Fernandes became the railways minister when V.P. Singh formed the second non-Congress party government in 1989 and gifted to the nation the Konkan Railway project.
It was his fate that he was forced by political compulsions to join hands with the Bharatiya Janata Party (BJP) leaders Atal Bihar Vajpayee and Lal Krishna Advani. Fernandes was at the forefront of a fight that broke out in the Janata Party government as he wanted both Vajpayee and Advani to snap their ties with the Rashtriya Swayamsevak Sangh (RSS). They refused leading to the downfall of the Morarji Desai government.
However, when the BJP formed the government in 1998 with help of regional allies, Fernandes who then headed the Samata Party was appointed the defence minister in the Vajpayee government, becoming the only Christian minister in the Vajpayee government. He was also made convenor of the ruling National Democratic Alliance (NDA). His tenure as the defence minister proved to be eventful. India conducted nuclear tests in 1998 and fought war with Pakistan in Kargil in 1999. He was also in the news for controversies like the Barak Missile scandal and Tehelka scandal forcing him to quit as the minister.
Some close aides of Fernandes were offered or given bribes in a fictitious defence deal which was a sting operation conducted by web portal Tehelka. He, however, emerged clean in an inquiry and was reappointed as the country’s defence minister, though the coffingate scam continued to haunt him. The defence ministry had ordered 500 coffins from the US during the Kargil war allegedly at a much higher price.
Fernandes also hogged limelight when he as the defence minister called China as India’s enemy number one.
Fernandes, however, started to fade away gradually after NDA was voted out of power in 2004. He fell out with his close associate Nitish Kumar and was forced to contest the Muzaffarpur seat as an independent in 2009 general elections. It was a consolation prize that Nitish Kumar, who was by now the Bihar chief minister, gave to his old rebel colleague when he did not put up any candidate against Fernandes when he filed his nomination for a Rajya Sabha by-election. He returned to parliament in 2009 in what turned out to be his swan song in politics.
The firebrand leader whose speeches created ripples and were listened to attentively by all and sundry in parliament was a pale shadow of what he was earlier. He could speak in 10 languages, namely Konkani, English, Hindi, Tulu, Kannada, Marathi, Tamil, Urdu, Malayalam and Latin but remained silent most of the time and later stopped coming to parliament. He was detected to be suffering from Alzheimer’s and Parkinson’s diseases.

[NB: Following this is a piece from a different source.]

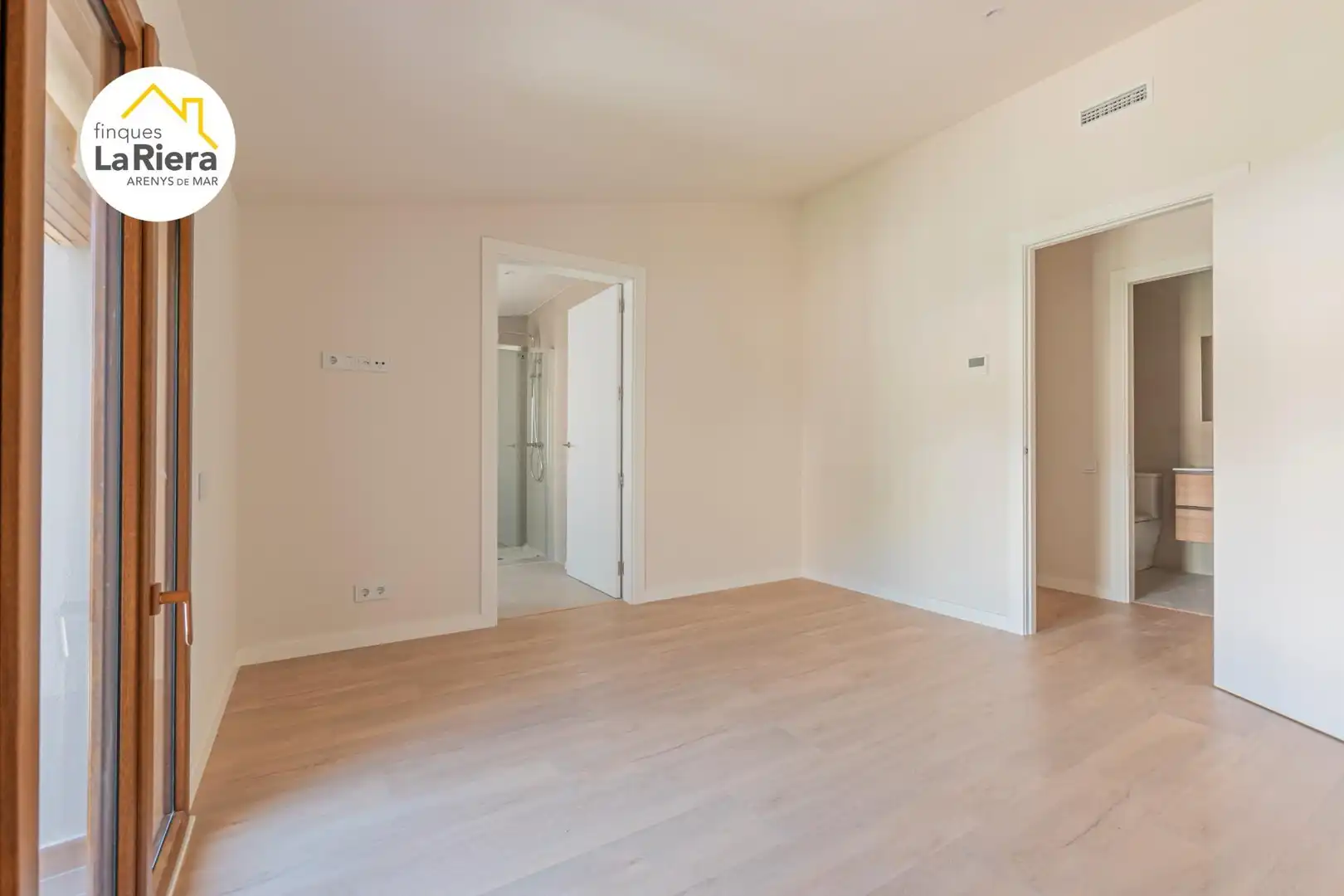 Penthouse mit Balkon zum Verkauf in Carrer Carrer Callao, imagen 26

His ex-wife Leila Kabir and son Sean Fernandes returned from US and took control of his house and life after a prolonged legal battle with other family members and Fernandes’ close associate Jaya Jaitley. Gates were fixed at 3 Krishna Menon Marg bungalow for the first time and security personnel were posted there. The entry of any outsider to the house where one could move freely was debarred.
Fernandes will turn 83 on June 3 this year but probably none will celebrate it. No one knows for sure or bothers to know any more where is he being kept by his family. All one knows now is that he is unable to move or talk anymore.